ECLI:NL:HR:2000:AA7792
Hoge Raad
- Cassatie
- C.J.G. Bleichrodt
- F.H. Koster
- A.M.J. van Buchem-Spapens
- Rechtspraak.nl
Cassatie tegen veroordeling voor valsheid in geschrift en bewijsuitsluiting door de Belastingdienst
In deze zaak gaat het om een cassatieberoep tegen een arrest van het Gerechtshof te 's-Gravenhage, waarin de verdachte is veroordeeld voor valsheid in geschrift, meermalen gepleegd. De Hoge Raad behandelt het beroep dat is ingesteld door de verdachte, vertegenwoordigd door advocaat mr. G. Meijers. De veroordeling van het Hof was gebaseerd op feiten die zich hebben voorgedaan tussen 31 maart 1991 en 27 december 1995, waarbij de verdachte op AWW/WAO-formulieren niet heeft opgegeven dat hij inkomsten uit arbeid had. Het Hof heeft de eerdere uitspraak van de Arrondissementsrechtbank te Dordrecht vernietigd en de verdachte een gevangenisstraf van vijftien maanden opgelegd, waarvan vijf maanden voorwaardelijk met een proeftijd van twee jaren.

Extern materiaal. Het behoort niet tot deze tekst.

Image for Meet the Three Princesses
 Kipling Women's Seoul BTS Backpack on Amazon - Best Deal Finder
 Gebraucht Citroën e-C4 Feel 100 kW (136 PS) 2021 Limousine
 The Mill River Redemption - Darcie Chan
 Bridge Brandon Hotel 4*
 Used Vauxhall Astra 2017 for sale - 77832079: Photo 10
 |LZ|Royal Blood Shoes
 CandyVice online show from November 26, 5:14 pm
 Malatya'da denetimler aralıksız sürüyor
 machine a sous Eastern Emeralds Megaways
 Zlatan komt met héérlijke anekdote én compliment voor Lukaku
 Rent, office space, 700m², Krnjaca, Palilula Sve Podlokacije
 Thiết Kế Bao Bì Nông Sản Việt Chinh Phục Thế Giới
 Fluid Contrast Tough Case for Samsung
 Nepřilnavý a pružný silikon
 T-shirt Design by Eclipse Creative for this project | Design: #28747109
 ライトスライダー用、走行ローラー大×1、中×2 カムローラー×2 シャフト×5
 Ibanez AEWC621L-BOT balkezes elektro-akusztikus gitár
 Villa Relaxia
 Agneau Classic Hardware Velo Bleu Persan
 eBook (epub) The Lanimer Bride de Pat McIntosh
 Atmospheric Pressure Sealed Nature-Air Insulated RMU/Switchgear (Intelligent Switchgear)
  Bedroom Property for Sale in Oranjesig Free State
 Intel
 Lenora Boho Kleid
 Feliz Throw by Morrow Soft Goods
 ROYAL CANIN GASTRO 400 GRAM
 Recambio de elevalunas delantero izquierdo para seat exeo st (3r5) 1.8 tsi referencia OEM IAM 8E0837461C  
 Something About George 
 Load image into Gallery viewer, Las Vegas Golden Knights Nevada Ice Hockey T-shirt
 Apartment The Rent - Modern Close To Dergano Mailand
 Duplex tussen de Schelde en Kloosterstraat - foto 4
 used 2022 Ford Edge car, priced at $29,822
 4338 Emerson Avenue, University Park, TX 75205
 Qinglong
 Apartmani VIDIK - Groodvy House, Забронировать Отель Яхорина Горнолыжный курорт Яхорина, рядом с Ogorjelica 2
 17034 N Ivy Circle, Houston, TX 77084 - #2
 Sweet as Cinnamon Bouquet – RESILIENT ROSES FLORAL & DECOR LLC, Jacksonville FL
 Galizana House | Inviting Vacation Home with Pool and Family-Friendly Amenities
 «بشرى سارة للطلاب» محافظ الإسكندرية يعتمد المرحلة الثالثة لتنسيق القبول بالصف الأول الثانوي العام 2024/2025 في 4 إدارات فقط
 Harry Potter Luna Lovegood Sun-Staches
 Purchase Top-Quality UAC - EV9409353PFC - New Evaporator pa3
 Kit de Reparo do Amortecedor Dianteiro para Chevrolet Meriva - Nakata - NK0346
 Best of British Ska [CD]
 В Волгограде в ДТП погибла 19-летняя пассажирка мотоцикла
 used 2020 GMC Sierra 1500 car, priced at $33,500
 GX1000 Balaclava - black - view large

De Hoge Raad overweegt dat het middel dat klaagt over het ontbreken van een gewaarmerkt afschrift van de bestreden uitspraak faalt, omdat dit afschrift inmiddels in het dossier is gevoegd. Daarnaast wordt het verweer van de verdachte dat de Belastingdienst in strijd met de geheimhoudingsplicht van artikel 67 AWR informatie heeft verstrekt, verworpen. Het Hof heeft terecht geoordeeld dat de startinformatie niet afkomstig was uit een persoonsregistratie in de zin van de Wet persoonsregistraties (WPR) en dat de informatie die door de Belastingdienst is verstrekt, niet onder de werking van de WPR valt.
De Hoge Raad concludeert dat de klachten van de verdachte niet tot cassatie kunnen leiden. De verwerping van de middelen door het Hof is niet onbegrijpelijk en geeft geen blijk van een onjuiste rechtsopvatting. De Hoge Raad verwerpt het beroep en bevestigt de uitspraak van het Hof, waarbij de verdachte is veroordeeld voor valsheid in geschrift.